A ben rifletterci, non è stato Bergoglio in volo da Philadephia, con la sua trinciante battuta («Non l’ho invitato io. È chiaro?»), o il vicario di Roma, il cardinal Vallini («A Roma serve una scossa, una nuova classe dirigente!») a dimissionare il sindaco Marino eletto dai romani (ma oramai inviso al Vaticano per lo sgarbo della trascrizione nel registro comunale di una decina di nozze gay celebrate all’estero). No, a dimissionarlo è stato il servilismo filoclericale, unito alla smania di potere, dei «26 pugnalatori» notarili e del loro «unico mandante». Cioè appunto Renzi, il prefetto dei prefetti, non eletto dai cittadini ma designato dall’alto, oggi trattato da Bergoglio come Marino: ah, la legge del contrappasso!

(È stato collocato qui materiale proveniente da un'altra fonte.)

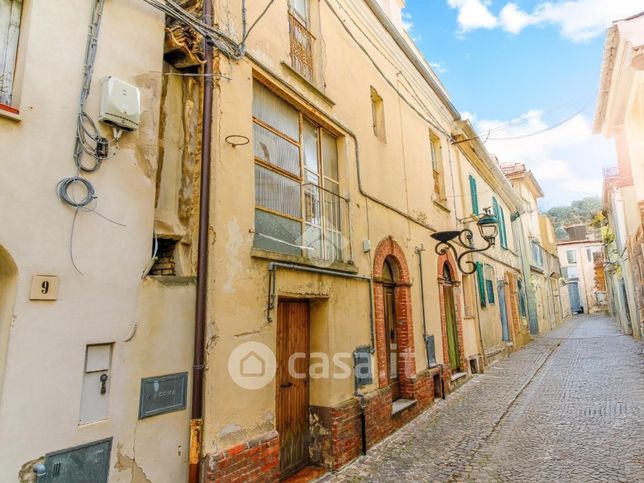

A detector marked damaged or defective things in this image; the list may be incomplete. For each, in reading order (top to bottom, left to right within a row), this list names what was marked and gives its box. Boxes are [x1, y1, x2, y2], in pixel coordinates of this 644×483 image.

peeling plaster wall [0, 1, 196, 482]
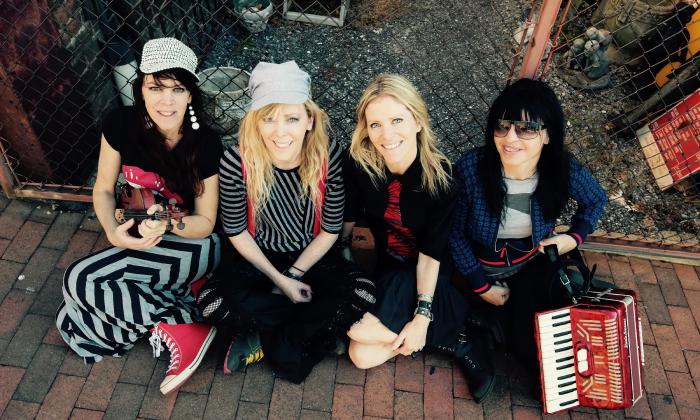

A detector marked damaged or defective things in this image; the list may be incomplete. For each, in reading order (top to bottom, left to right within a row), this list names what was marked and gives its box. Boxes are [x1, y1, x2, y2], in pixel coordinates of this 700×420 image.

rusty metal bar [520, 0, 564, 79]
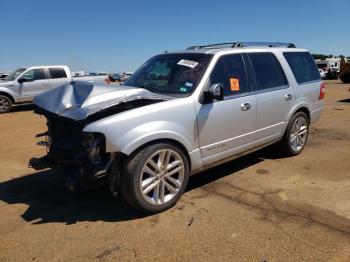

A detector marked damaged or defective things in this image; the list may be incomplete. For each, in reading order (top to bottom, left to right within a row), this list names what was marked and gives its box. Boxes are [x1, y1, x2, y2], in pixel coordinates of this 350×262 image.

broken headlight area [29, 109, 113, 191]
damaged front end [28, 81, 170, 193]
crumpled hood [33, 81, 171, 121]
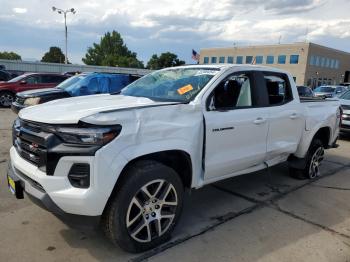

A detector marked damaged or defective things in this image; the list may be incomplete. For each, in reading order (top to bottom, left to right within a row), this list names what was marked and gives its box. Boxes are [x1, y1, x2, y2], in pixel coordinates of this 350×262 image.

crumpled hood [18, 94, 179, 124]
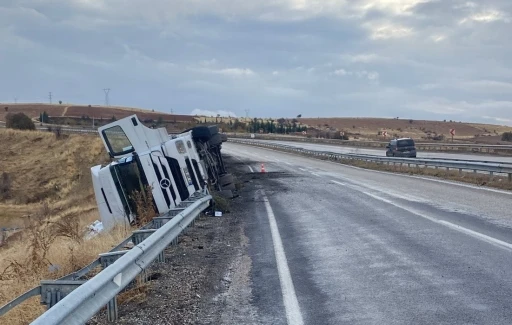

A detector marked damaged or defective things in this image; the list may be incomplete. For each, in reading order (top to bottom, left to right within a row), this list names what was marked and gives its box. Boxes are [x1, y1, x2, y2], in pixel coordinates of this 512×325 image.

overturned truck [89, 114, 230, 228]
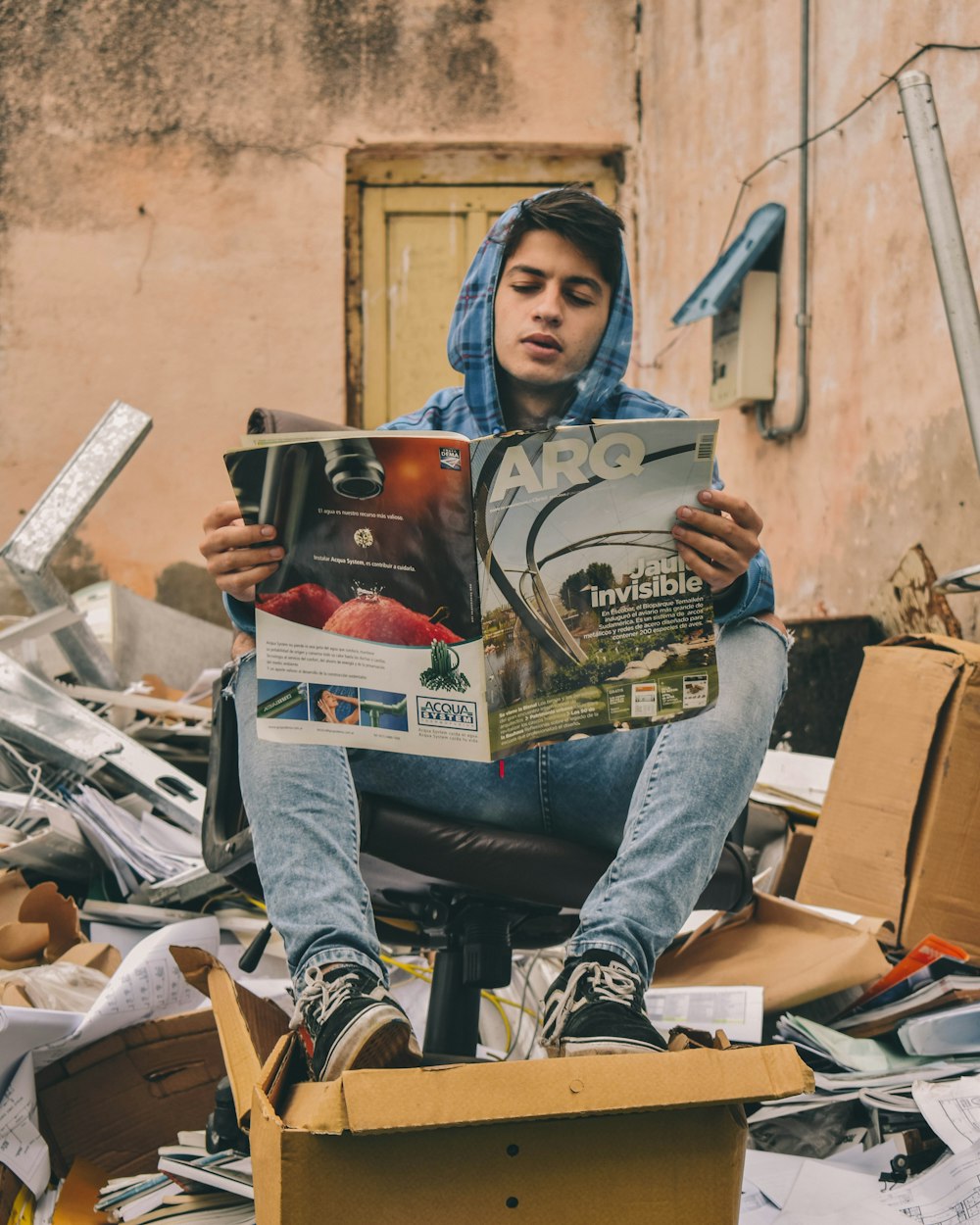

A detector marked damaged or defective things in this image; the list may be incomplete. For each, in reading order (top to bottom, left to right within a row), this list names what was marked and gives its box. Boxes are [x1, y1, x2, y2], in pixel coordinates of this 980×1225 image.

torn cardboard [800, 635, 980, 960]
torn cardboard [174, 945, 811, 1223]
torn cardboard [651, 890, 890, 1011]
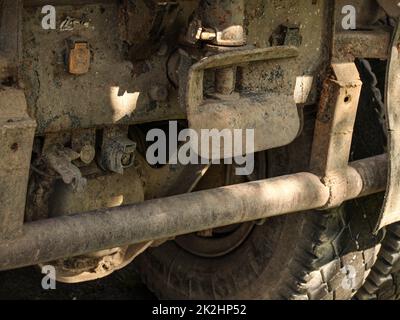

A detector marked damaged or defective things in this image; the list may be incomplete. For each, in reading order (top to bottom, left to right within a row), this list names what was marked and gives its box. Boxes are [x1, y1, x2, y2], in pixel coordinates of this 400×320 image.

rusty rod [0, 154, 388, 272]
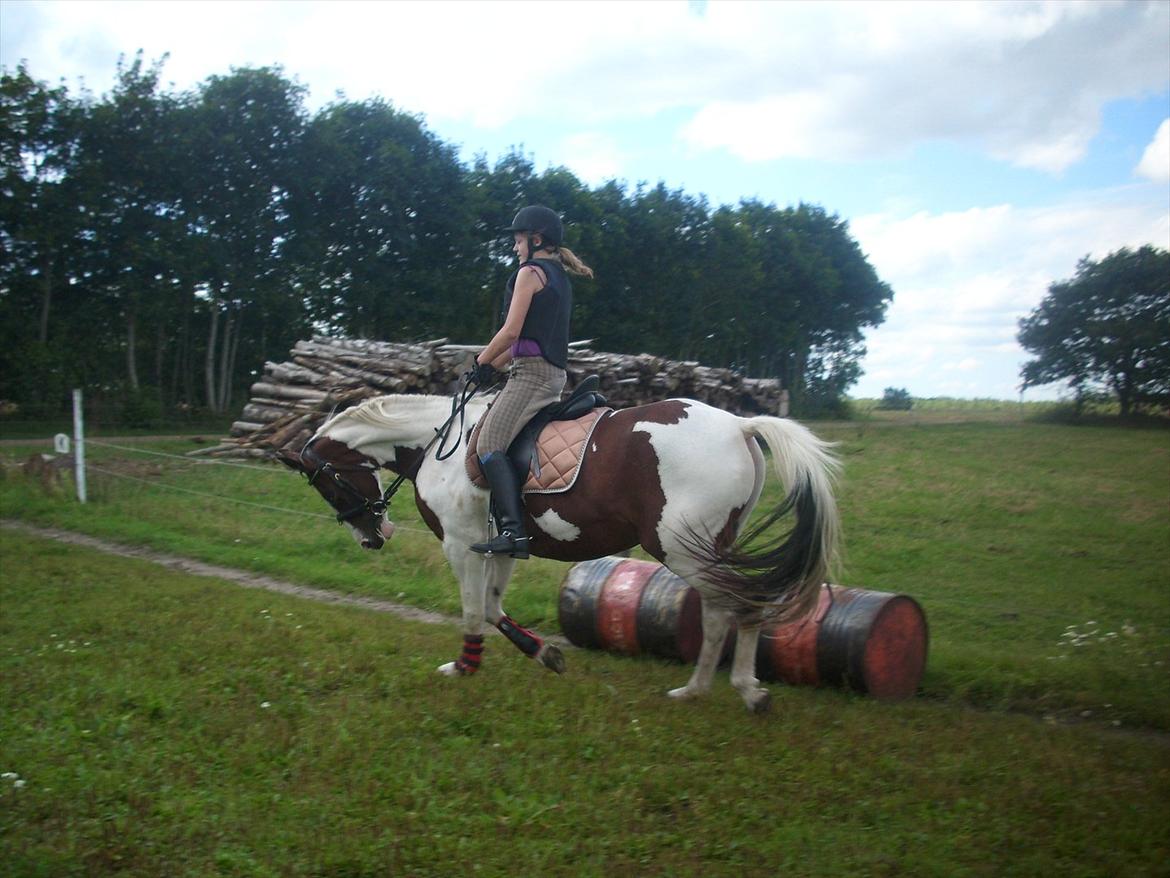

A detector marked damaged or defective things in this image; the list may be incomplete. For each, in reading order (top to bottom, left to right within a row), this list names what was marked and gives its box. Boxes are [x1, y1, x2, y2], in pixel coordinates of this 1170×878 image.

rusty metal barrel [560, 564, 932, 700]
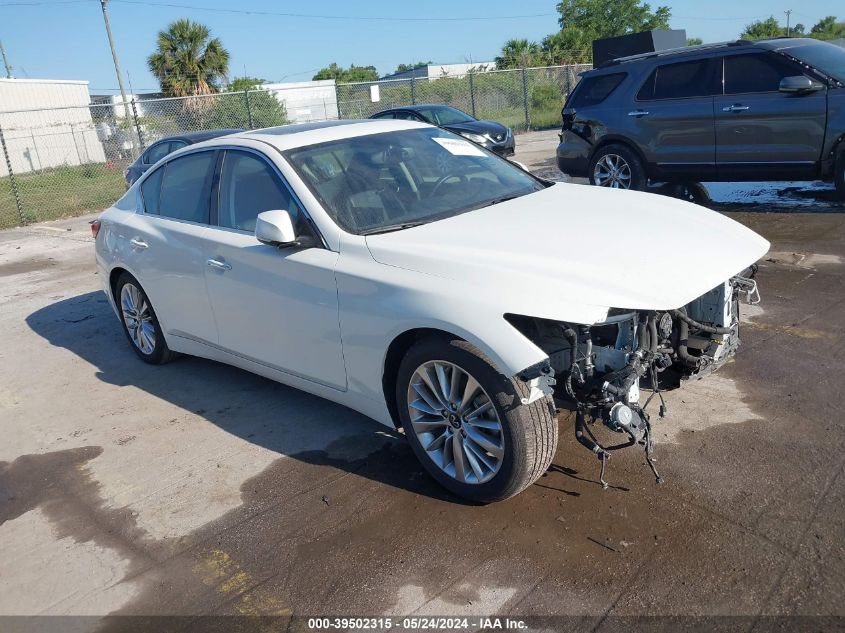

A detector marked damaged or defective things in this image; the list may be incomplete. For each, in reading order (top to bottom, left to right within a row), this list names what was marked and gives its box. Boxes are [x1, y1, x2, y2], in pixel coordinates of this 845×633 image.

Sicuramente, le gerarchie cattolico-vaticane, se rispettose (ma non lo sono) delle norme neoconcordatarie, dovrebbero astenersi da ogni ingerenza. Ma ciò che mi sembra ancora più grave è il cedimento dei politici «signorsì» (molti, troppi, di ogni colore). Che cosa ha risposto Renzi al cardinal Vallini? «Pronto, sarà fatto!»: quasi fosse un suo dipendente! E quale il primo atto pubblico del prefetto Tronca da Renzi appena nominato commissario di Roma? Non l’incontro col governo, o magari, anche se non previsto dal protocollo, col presidente della Repubblica Mattarella, ma la visita in Vaticano e la genuflessione al papa. Quasi fosse un funzionario d’Oltretevere!
È una storia vecchia. Uno degli esempi più lampanti è il mancato pagamento miliardario dell’Ici-Imu da parte della Chiesa, imposto di recente anche da un pronunciamento della Corte di Cassazione (luglio 2015). Del resto, è scritto nero su bianco nel Nuovo Concordato (art. 7, c. 3): gli enti e le attività ecclesiastiche non aventi finalità di religione o di culto sono soggetti al regime tributario dello Stato italiano. Da Berlusconi a Prodi, da Monti a Renzi, la norma è rimasta lettera morta, nonostante le ripetute sollecitazioni dell’Ue. «I compiti a casa», se danneggiano gli interessi della Chiesa e del Vaticano, non occorre farli. Si può anche marinare la scuola!